The Pope said he wanted to hear back in three years on how things are going, and so there’s no emergency here.

I suspect that TLM will be alive and well soon in many places where it is appreciated.

Younger people may be totally turned off (who knows?) by TLM.

I guess now I’m worried that this will backfire, and that more people will leave the Church, if it seems that the Mass is becoming a spectacle or sideshow.

Those of us who have seen and appreciated reverent liturgies may witness that the NO Masses might have a run for their money, so to speak, against TLM.

A weekday “low” Mass can be pretty much boring, too. After all, the Church used bells to alert people to the big moments in the Mass.

It might take a while to put out some sheet music with the Latin forms of the Mass. There was a lot of spectacular Mass melodies, and this must still be in the archives. Remember, that under TLM, the choir was doing the “heavy lifting” on the songs. So, the choirs might have to “ramp up” to be ready for TLM celebrations.

And he’s still active? That’s impressive.

I imagine our biggest problem is that the priests of his generation are just too old now, which is sad.

I agree. I was in seminary a few years ago. We had only a requirement of 1 year in Latin at that time (along with 1 year in Greek). Many seminarians opted to take more Latin as electives, but it was not required. Of course, at that time, nothing like the present MP was every envisioned (at least not by the sems, profs, or sem faculty). I imagine that many of the good seminaries (and these do exist) will start increasing the Latin requirement.
I also concur about the rubrics–the greatest challenge will be for priests who are used to the “more free-flowing” (shall we say) NO to learn the more complex TLM rubrics.
A LOT of effort and time will be required for instruction of priests, servers, etc. I think that there will be more and more new priests (and some really old priests) who will be willing to answer the people’s call for this “extraordinary use” of the Roman Rite. But people will have to be patient and not expect a miracle to happen overnight.

I am hearing a lot of negativity from everyone about this - pardon me if I am interpreting wrongly, but I believe that the grace of God will help the Priests to learn what they need to know and through prayer and full participation in the Mass we can get back to or learn what we need to know also. It is not a requirement that we attend the Latin form of the Mass but this has come from our Pope - shouldn’t we give it our best attention?

I must add one more humorous note. A few years ago, a lot of priests talked to many of us more traditional seminarians about the TLM (because some sems were known to attend the TLM on occasions).

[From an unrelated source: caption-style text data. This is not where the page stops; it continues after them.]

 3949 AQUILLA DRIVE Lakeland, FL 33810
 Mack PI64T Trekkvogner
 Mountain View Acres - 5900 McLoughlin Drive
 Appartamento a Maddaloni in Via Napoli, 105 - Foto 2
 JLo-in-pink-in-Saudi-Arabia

On more than one occasion we had a priest tell us, “forget about the Latin stuff, … that situation is history, it is over and not coming back, … you have to think about serving the parishoner’s today.”

Ironically, many of those seminarians will now be priests who will be serving the parishoners of today… with the NO AND the TLM (little did those seminary formators know that the old Mass was not just “history” for a great many Catholics…nor for that future Pope BXVI).

Very active rector of our cathedral. He exercises far more than me. I wouldn’t be able to keep up with him.

One of the priests at the Latin Mass in Pequannock, New Jersey says the Mass in classical Latin. He’s a highly regarded Jesuit and the editor of a leading Catholic journal.

In my diocese the seminary does not have Latin as a requirement. They are focused on Spanish right now. Even older priests I do not think would know Latin in my diocese and if they did, they would be very against the MP. I also heard from some seminarians that right now now some bishops do not know Latin either. I cannot confirm that but it would not surprise me.